• [Activity]: Leave every image out, and print the remaining lines below exactly.

• [Collected material]:
####

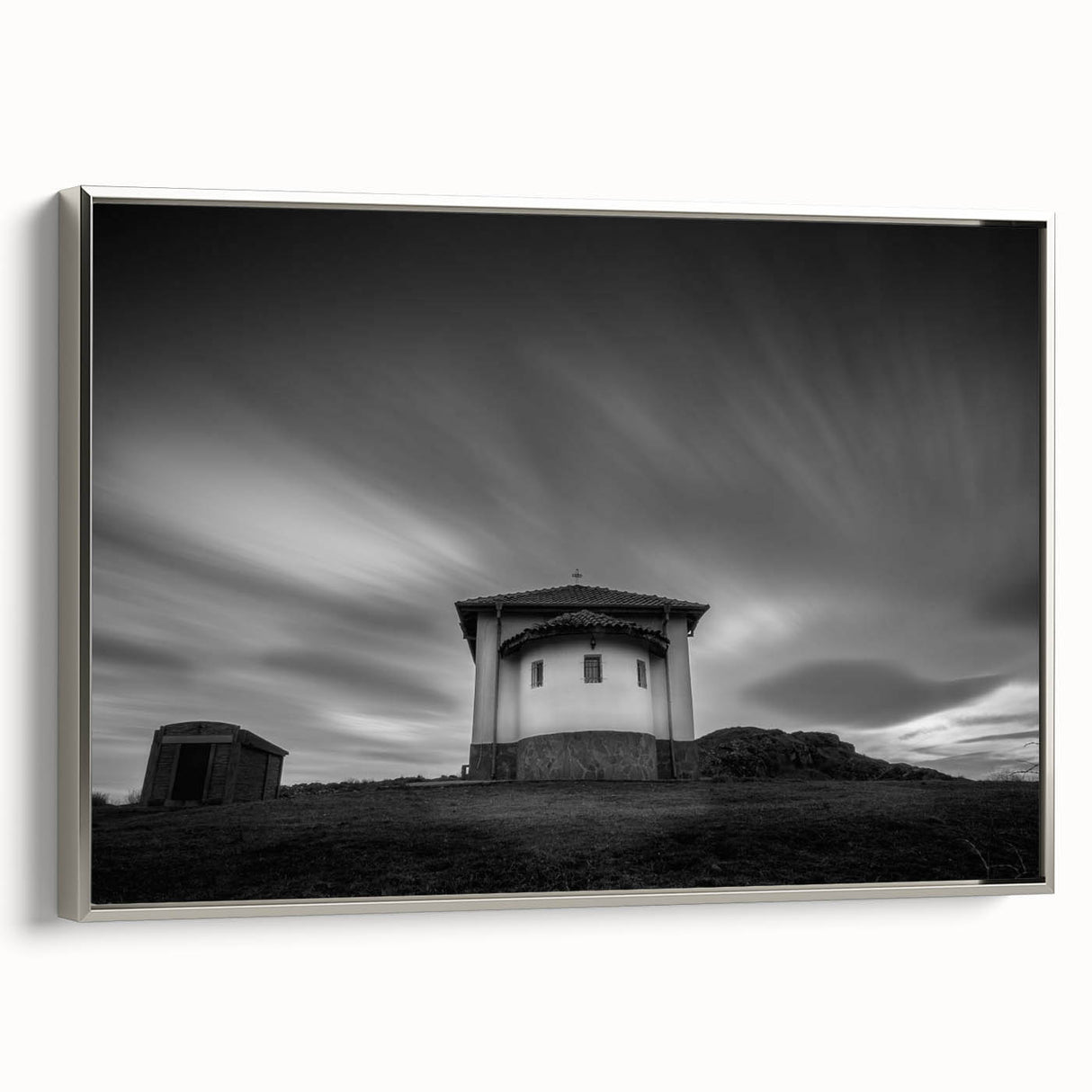 Vintage poster art of a church on extra large framed canvas, featuring black and colorful art.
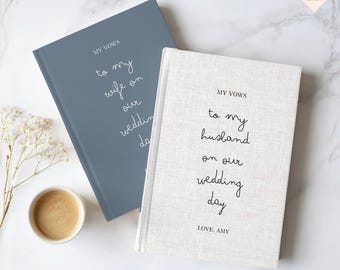 Personalized Wedding Vow Books Custom His and Her Vow Booklets Wedding Day Vow Journals Engagement Gift Wedding Ceremony Keepsake
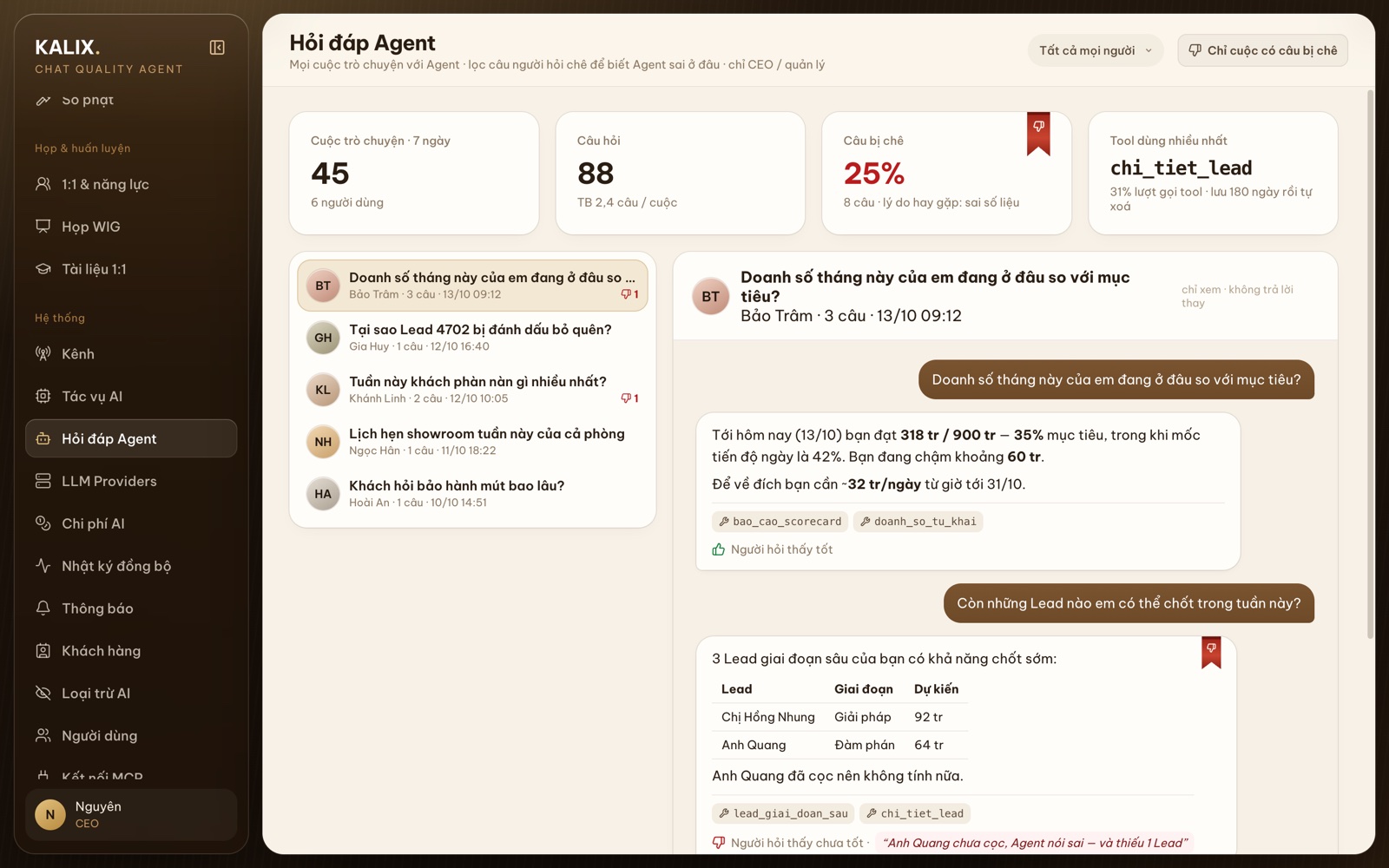 Hỏi đáp Agent trên dữ liệu sale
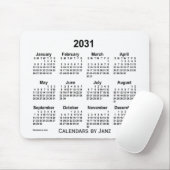 Tapis De Souris Calendrier blanc 2031 par Janz Mouse Pad (Avec souris)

####

• [The answer]:
 Vintage poster art of a church on extra large framed canvas, featuring black and colorful art.
 Personalized Wedding Vow Books Custom His and Her Vow Booklets Wedding Day Vow Journals Engagement Gift Wedding Ceremony Keepsake
 Hỏi đáp Agent trên dữ liệu sale
 Tapis De Souris Calendrier blanc 2031 par Janz Mouse Pad (Avec souris)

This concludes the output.